İnsan, beden olarak ölüyor. Ancak insan, bu dünyada yaptıkları güzel işler ve ortaya koyduğu eserlerle gönüllerde yaşamaya devam ediyor. İşte bu gerçeği, bu hafta, Hollanda’da organize edilen bir etkinlikte tekrar gördük. 2 Ekim tarihinde “Erasmus+ Annual Event 2024” çerçevesinde, Hollanda’da doğan ve yetişen bir Türk genci tarafından “Beklenmedik bir dostluk: Sultan Süleyman ve Willem van Oranje” konulu bir sunum yapıldı.
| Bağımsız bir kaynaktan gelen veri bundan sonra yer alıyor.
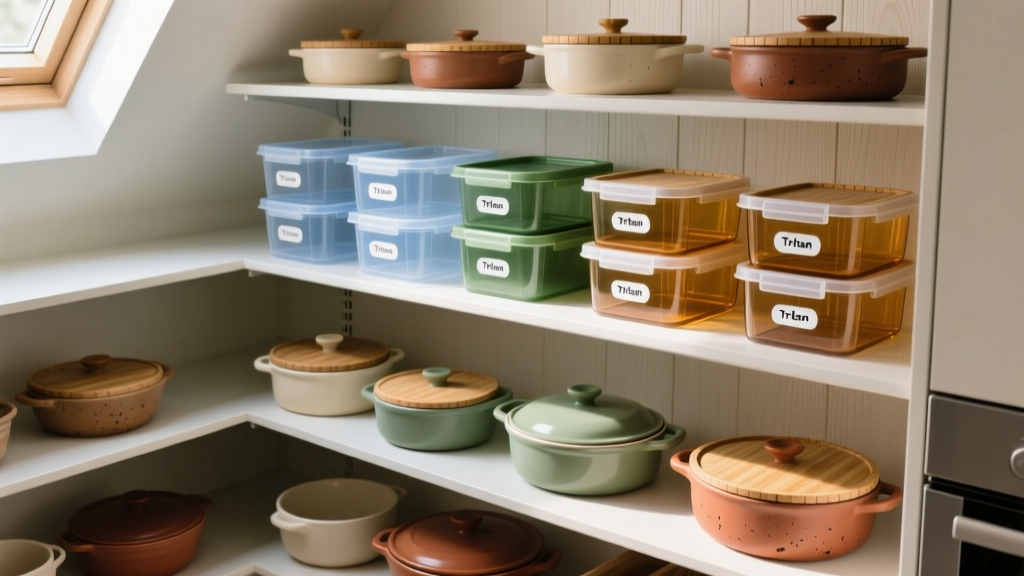 Overhead view of organized pantry shelf featuring clear stackable Tritan containers and ceramic bakeware with bamboo lids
Sunumda, Türkiye Hollanda dostluğu anlatıldı. Görsel olarak, 1612 yılında kara ve deniz yolunu kullanarak Hollanda’dan İstanbul’a ulaşan büyükelçi Cornelis Haga’nın yol güzergahını anlatan bir harita çalışması yer aldı. Haritanın sol alt köşesinde, dönemin Osmanlı ve Hollanda devlet adamlarının portreleri de vardı. Çalışma, 2012 yılında Türkiye-Hollanda diplomatik ilişkilerinin 400. Yılı kutlamaları çerçevesinde, Türkevi Topluluğu’nca, Hollandalı yazar ve grafiker M. El Fers’e hazırlatılmıştı.
Onlarca kitabın ancak anlatabileceği muhteşem harita, bu yıl 28 Şubat tarihinde aramızdan ayrılan Hollandalı yazar ve grafikçi M. El Fers tarafından, 2012 yılında hazırlandı.
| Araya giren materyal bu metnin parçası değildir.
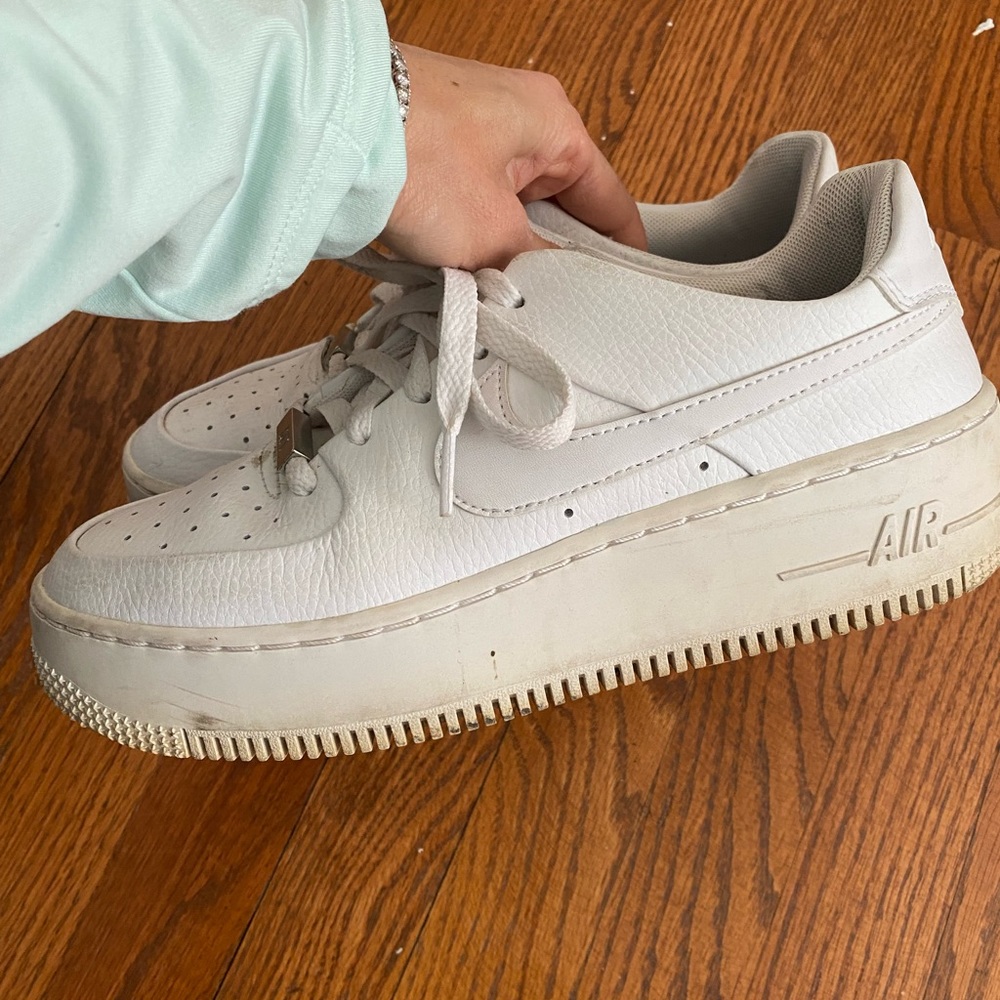 Used Air Force ones . White . Womens size 8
Türkiye Hollanda arasındaki diplomasi ve kültür ilişkilerine yönelik bir çok çalışması olan El-Fers, vasiyeti doğrultusunda Konya’nın Akören ilçesine defnedildi. Ancak, bir aşk derecesinde eserlerini hazırlayan El Fers, geride bıraktığı yüzlerce kültürel eserle aramızda yaşamaya devam ediyor.
Yunus’un “Ölenler hayvan imiş, âşıklar ölmez” dediği gibi, Aşıklar ölmüyor…
M. El Fers’in çizdiği harita ve Osmanlı Fermanının kullanıldığı “Beklenmedik bir dostluk Sultan Süleyman ve Willem van Oranje” konulu anlamlı sunum, Hollanda’da yetişen ve köklerine yabancılaşmayan öğretmen gençlerimiz, Emin Keçeci ve Yasin Yaylalı tarafından gerçekleştirildi. 500 kişinin dinlediği sunumda, “insan” merkeze yerleştirildi. Hollandalı filozof Erasmus’dan hareketle, Avrupa Birliği değerlerine vurgu yapıldı sunumda.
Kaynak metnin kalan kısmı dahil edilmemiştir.